■ Exercise objective:
Should pictures appear among the records, leave them out, and copy exactly only the lines from the first through the one with "una mesa y sillas", inclusive.

■ Dataset entries:
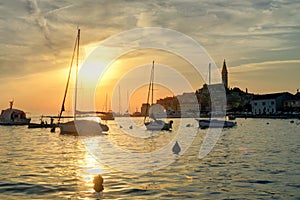 Sailboats at the Rovinj seaside and cityscape at Sunset.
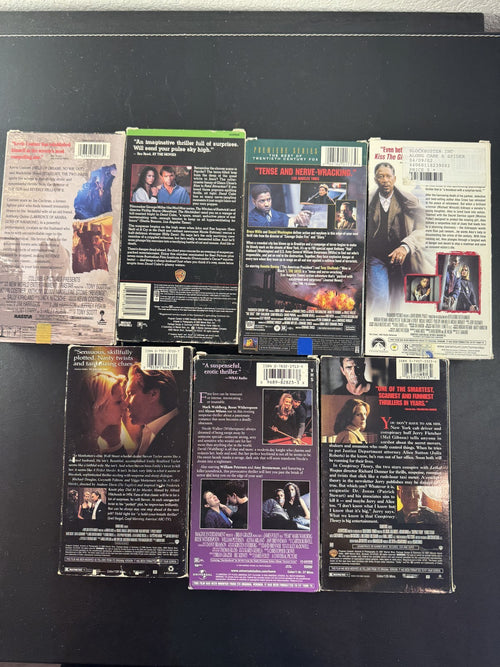 Set of 7 90s suspense thriller VHS tapes including Conspiracy Theory and A Perfect Murder.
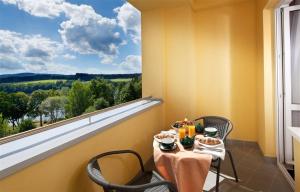 una mesa y sillas con vistas a una ventana en Exclusive HOTEL Lipno Wellness & SPA, en Frymburk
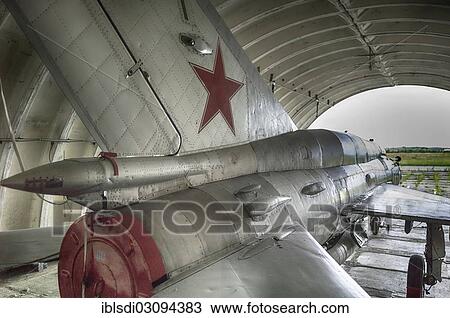 "MIG-21 SMT aircraft, a relatively rare version in Germany, left behind in 1993 by the Soviet air forces during their withdrawal, in a hangar at the Altenburg Nobitz Airfield, Nobitz, Altenburg, Thuringia, Germany, Europe" View Large Photo Image Stock Image - "MIG-21 SMT aircraft, a relatively rare version in Germany, left behind in 1993 by the Soviet air forces during their withdrawal, in a hangar at the Altenburg Nobitz Airfield, Nobitz, Altenburg, Thuringia, Germany, Europe". Fotosearch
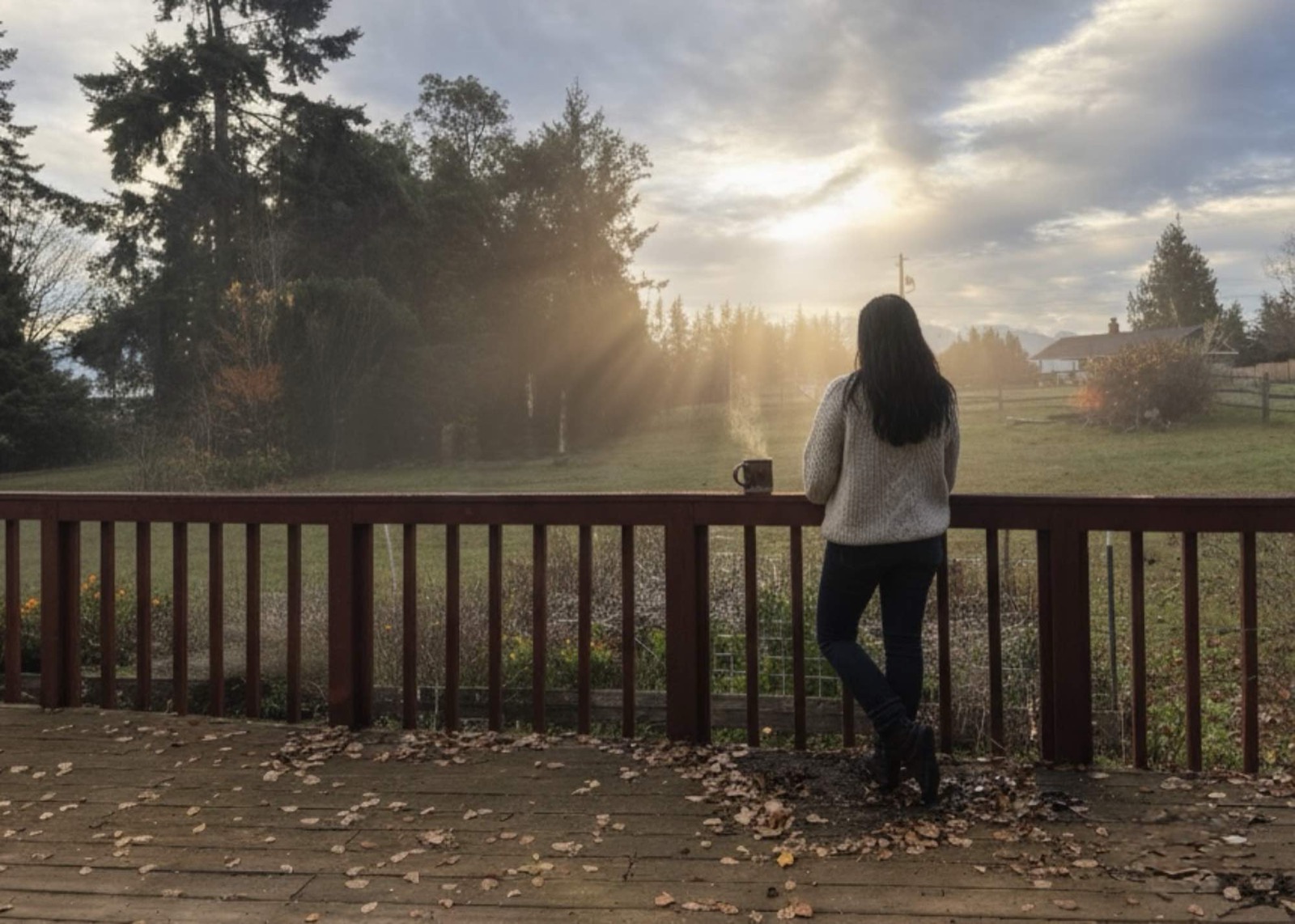Karen on her deck at sunrise, looking out over field and firs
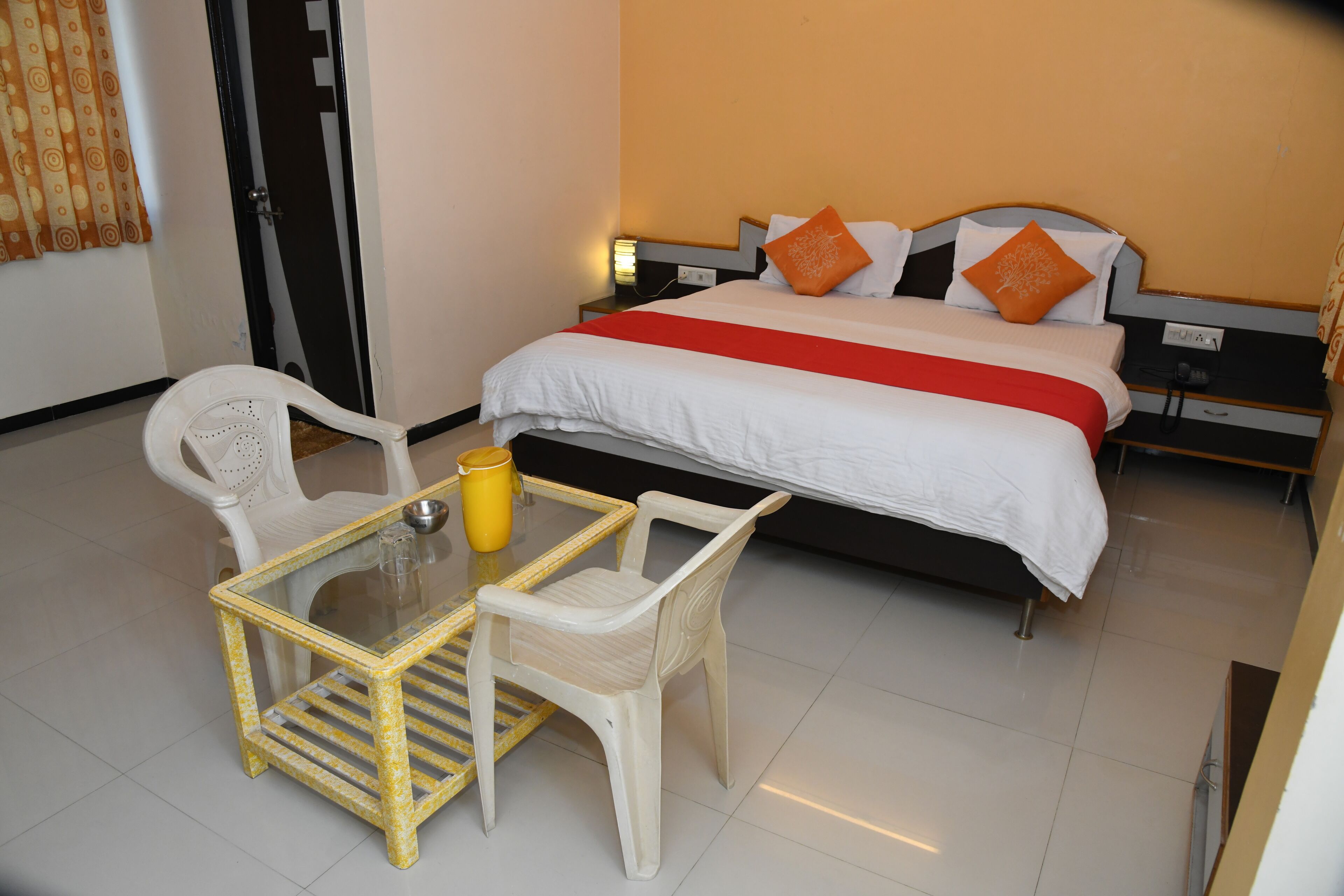 Une chambre d’hôtel avec un lit, une table de chevet, une table en verre avec des chaises et une porte.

■ Output for this task:
 Sailboats at the Rovinj seaside and cityscape at Sunset.
 Set of 7 90s suspense thriller VHS tapes including Conspiracy Theory and A Perfect Murder.
 una mesa y sillas con vistas a una ventana en Exclusive HOTEL Lipno Wellness & SPA, en Frymburk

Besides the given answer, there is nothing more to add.